On the night we were in his Love Fish - one of three side-by-side Belfast restaurant rooms, sandwiched between Meat Locker and Eipic – we chose a daily special of hake, which came with tender-stem broccoli, capers, brown butter and mash; and a Jerk chicken, which came with a wedge of corn-on-the-cob and a gently acidic yogurt and coriander sauce.
Preceding this we shared a starter of salt and chilli squid. There was a time when the national dish of the U.K. was pronounced to be chicken tikka masala, as created by Marks and Spencer. In Belfast the national dish has to be salt and chilli squid. Belfast has always had a thriving Chinese community and this dish pops up on so many Belfast menus. I always order it.
True to form, Michael Deane doesn't pimp up the recipe with Western garnishes: he goes straight to the heart of the dish, serving little cylinders of crisscross patterned fish in a crispy, spicy floured coating. Garnished with chilli and spring onion and chilli oil, it is simple and delicious.
Portions in Love Fish are small enough to provoke a complaint from a young Spanish girl at the next table; she insisted her fillet of hake was "not a main course portion". More was proffered, and she expressed herself happy with everything except the slowness of its replacement.
Love Fish is a busy restaurant and, on the whole, runs like clockwork. We had a slight delay on dessert, mis-timed with an accompanying order of camomile tea. But the dessert, a retro champagne trifle, was definitely worth the wait.

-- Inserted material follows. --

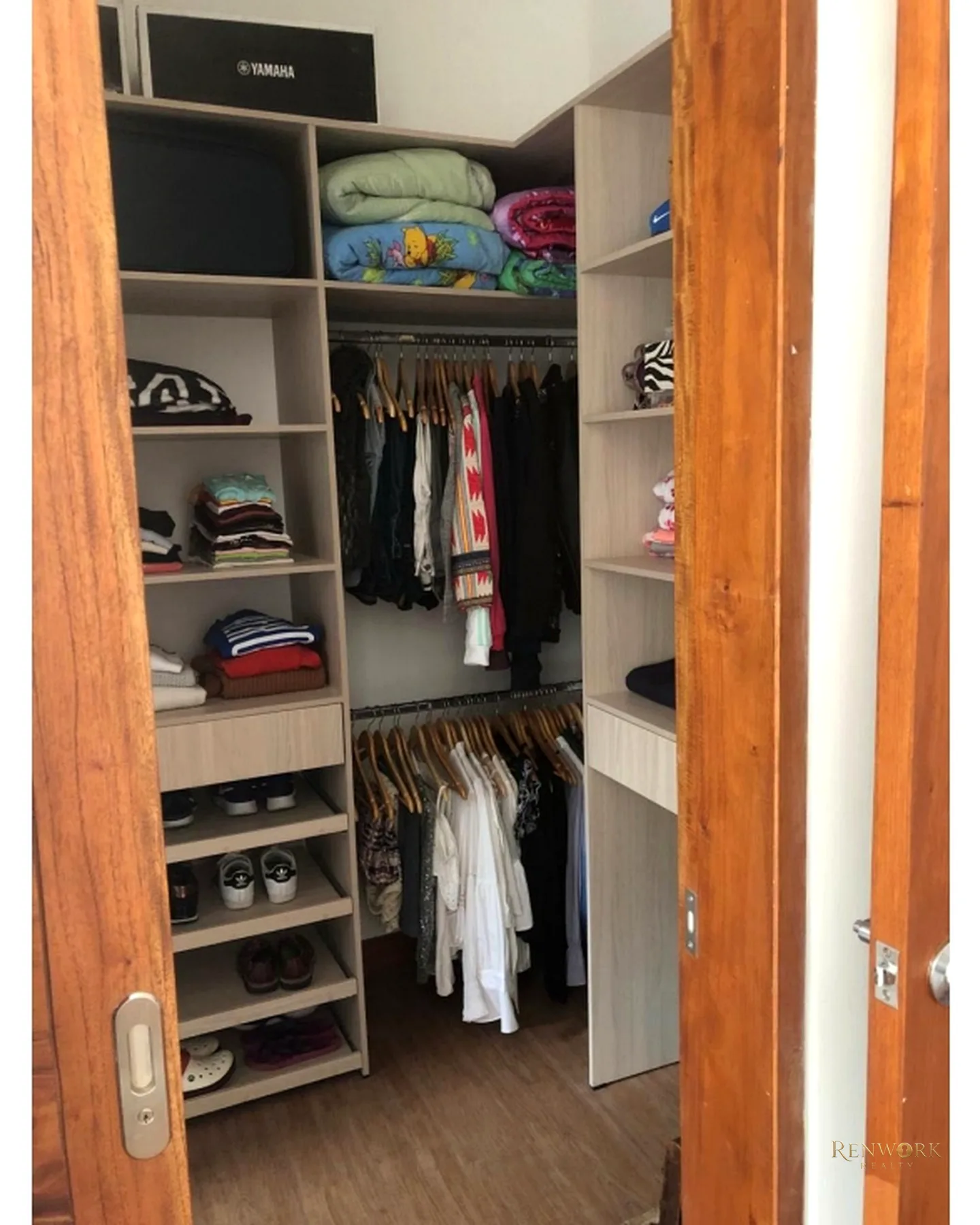CASA CAMPESTRE EN EL ALTO DE PALMAS · foto 14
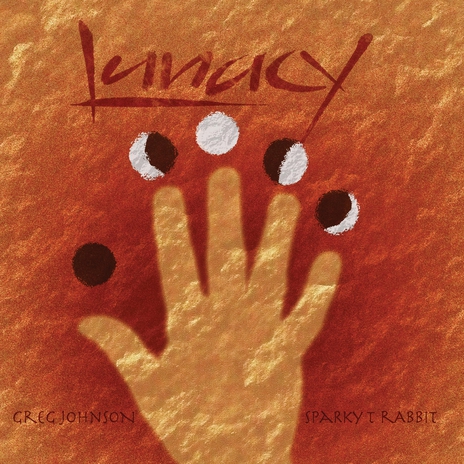 Drumming & Whistling cover art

It's was a Saturday night when we visited and all three restaurants in the Deane complex were humming. People were both eating and drinking at the bar and the tables were turning.
Recently a fellow food critic described all Deane's restaurants as being "the most consistent" places to eat in Belfast during the brief spell when he lived there, while a lauded chef told us Love Fish is one of the places he chooses to go on his night off.
Shuffling between the three restaurants these days, dressed as a chef but acting as a front of house, is Michael Deane himself, looking more relaxed than we've ever seen him.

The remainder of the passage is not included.